PROBLEM STATEMENT >> From the records below, copy out exactly the lines from the one containing "A stylish and" to the one containing "2026 Kpss Lise", both included. Add nothing else.

MATERIAL PROVIDED >>
-.-.-

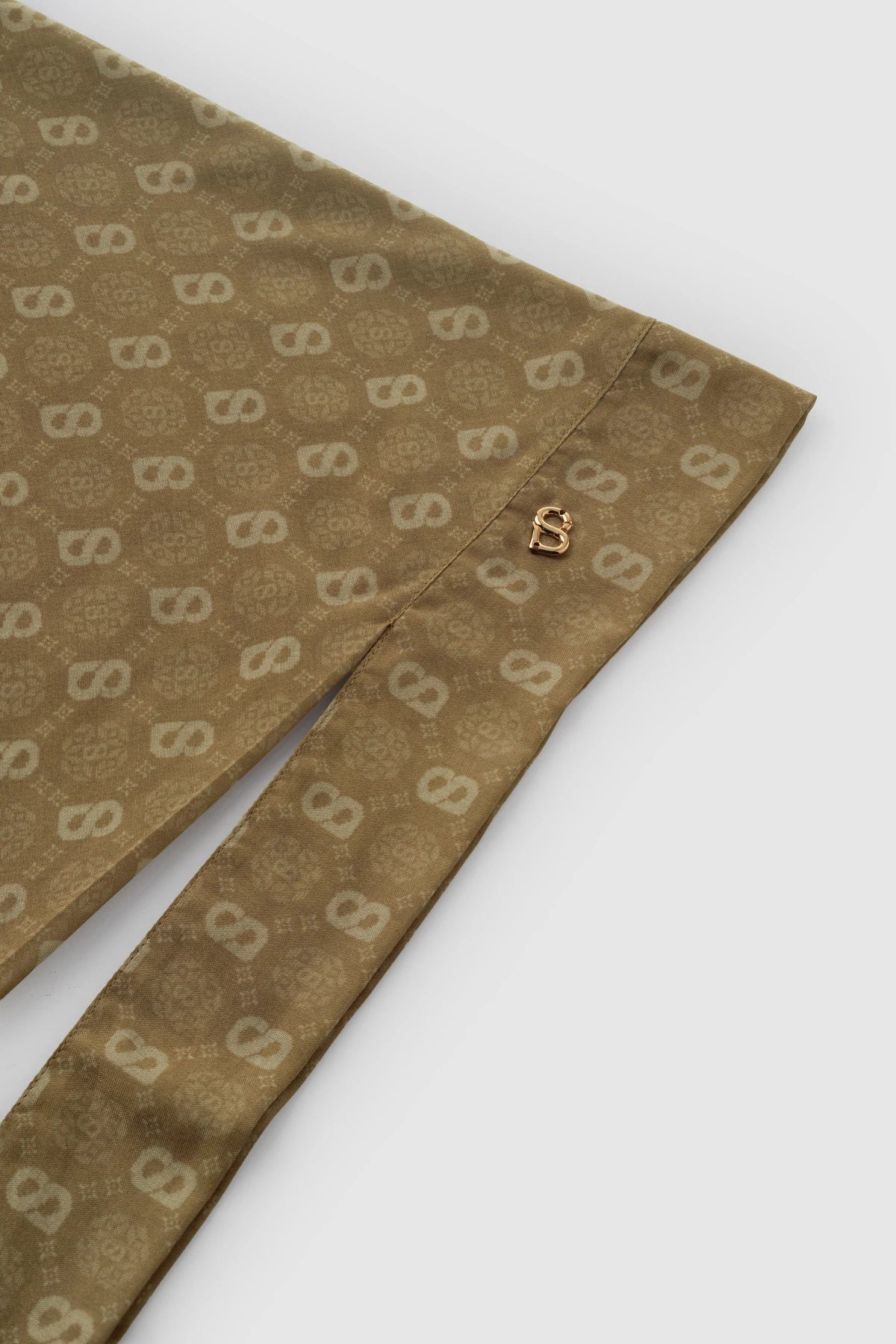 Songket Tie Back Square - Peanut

-.-.-

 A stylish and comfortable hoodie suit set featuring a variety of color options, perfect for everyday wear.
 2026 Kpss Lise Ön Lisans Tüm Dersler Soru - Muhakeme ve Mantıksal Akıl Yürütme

-.-.-

REPLY >>
 A stylish and comfortable hoodie suit set featuring a variety of color options, perfect for everyday wear.
 2026 Kpss Lise Ön Lisans Tüm Dersler Soru - Muhakeme ve Mantıksal Akıl Yürütme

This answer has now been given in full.